28 May 2017

Introduction

This post follows on from a previous post. If you’re new to testing your Puppet code, go there to get set up! We’ll be using the same repository and building from there.

This part of the tutorial will focus on Facts and Fixtures. Briefly:

  • Facts are information provided by the Agent during a puppet run. Generally they’re information derived from the box itself, things such as IP addresses, fully qualified domain names, OS versions, etc. Sometimes you want to define some custom facts for your specific module, either to make logic easier in templates/code, or to provide information back to an External Node Classifier such as Foreman or RedHat Satellite.
  • Fixtures are a testing tool: your module may have dependencies, but when running the RSpec tests not all of these will be available. We tell RSpec how to pull these dependencies so that the tests run correctly.

We’ll tackle these in reverse order!

Fixtures

I’ll work with an example from my system hardening module “toughen” and we’ll flesh it out in the helloworld repo.

There’s a section of the system hardening module where I want to add a specific line to a config file for Postfix. I don’t want to have to manage the entire file, especially when Postfix may not even be installed! Instead, I just want to make sure that (unless overridden) Postfix is listening to local interfaces only by default. This means if the package gets pulled in as a dependency or is installed as part of a default build, there’s not an extra port listening on the network that could expose an attack vector.

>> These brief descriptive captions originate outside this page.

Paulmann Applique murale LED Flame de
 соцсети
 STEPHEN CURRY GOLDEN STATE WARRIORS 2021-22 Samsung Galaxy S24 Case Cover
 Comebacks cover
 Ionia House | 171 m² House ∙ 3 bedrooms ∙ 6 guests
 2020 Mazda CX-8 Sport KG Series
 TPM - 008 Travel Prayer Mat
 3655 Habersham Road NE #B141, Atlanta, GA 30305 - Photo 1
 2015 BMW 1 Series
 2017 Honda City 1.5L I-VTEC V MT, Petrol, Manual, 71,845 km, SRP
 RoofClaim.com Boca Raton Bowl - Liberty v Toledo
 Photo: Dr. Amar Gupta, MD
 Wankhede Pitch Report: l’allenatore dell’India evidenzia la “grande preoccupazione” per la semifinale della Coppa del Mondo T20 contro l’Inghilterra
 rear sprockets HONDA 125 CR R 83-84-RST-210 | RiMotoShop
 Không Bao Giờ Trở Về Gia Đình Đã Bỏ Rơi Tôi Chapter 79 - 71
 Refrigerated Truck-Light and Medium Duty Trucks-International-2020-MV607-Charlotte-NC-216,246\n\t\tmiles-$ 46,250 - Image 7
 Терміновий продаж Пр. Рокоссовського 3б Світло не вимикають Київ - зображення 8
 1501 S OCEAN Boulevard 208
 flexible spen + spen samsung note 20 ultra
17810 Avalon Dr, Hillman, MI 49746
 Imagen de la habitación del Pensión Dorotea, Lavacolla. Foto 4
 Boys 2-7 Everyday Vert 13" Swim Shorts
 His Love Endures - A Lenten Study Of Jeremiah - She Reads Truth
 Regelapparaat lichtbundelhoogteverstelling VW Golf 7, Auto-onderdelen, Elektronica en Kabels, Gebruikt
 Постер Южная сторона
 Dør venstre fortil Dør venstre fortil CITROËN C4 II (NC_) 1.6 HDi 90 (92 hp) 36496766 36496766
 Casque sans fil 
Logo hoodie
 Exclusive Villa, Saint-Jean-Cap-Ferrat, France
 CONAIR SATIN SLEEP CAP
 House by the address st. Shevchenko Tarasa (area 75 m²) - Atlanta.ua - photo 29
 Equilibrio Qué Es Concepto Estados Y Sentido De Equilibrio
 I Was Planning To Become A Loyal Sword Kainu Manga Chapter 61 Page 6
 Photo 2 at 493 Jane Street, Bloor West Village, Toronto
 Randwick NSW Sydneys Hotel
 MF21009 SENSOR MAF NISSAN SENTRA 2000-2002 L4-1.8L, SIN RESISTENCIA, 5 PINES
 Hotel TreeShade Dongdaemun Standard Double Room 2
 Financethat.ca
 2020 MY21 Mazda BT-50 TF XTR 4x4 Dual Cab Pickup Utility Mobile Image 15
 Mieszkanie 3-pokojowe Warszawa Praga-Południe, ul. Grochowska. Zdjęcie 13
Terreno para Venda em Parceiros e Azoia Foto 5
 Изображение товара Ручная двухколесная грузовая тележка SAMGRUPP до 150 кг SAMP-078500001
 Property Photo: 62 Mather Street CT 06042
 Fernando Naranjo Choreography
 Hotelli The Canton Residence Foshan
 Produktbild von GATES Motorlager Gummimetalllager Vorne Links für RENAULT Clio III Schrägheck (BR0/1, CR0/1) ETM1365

Specifically, I want to ensure that this line is present:

inet_interfaces = localhost

That’s it! The Puppetlabs stdlib module provides an excellent tool for this. We could probably use augeas to do it (and the excellent providers from the herculesteam would be perfect for it), but we’ll just use stdlib. There’s a lot of other good tools in there: go read the docs!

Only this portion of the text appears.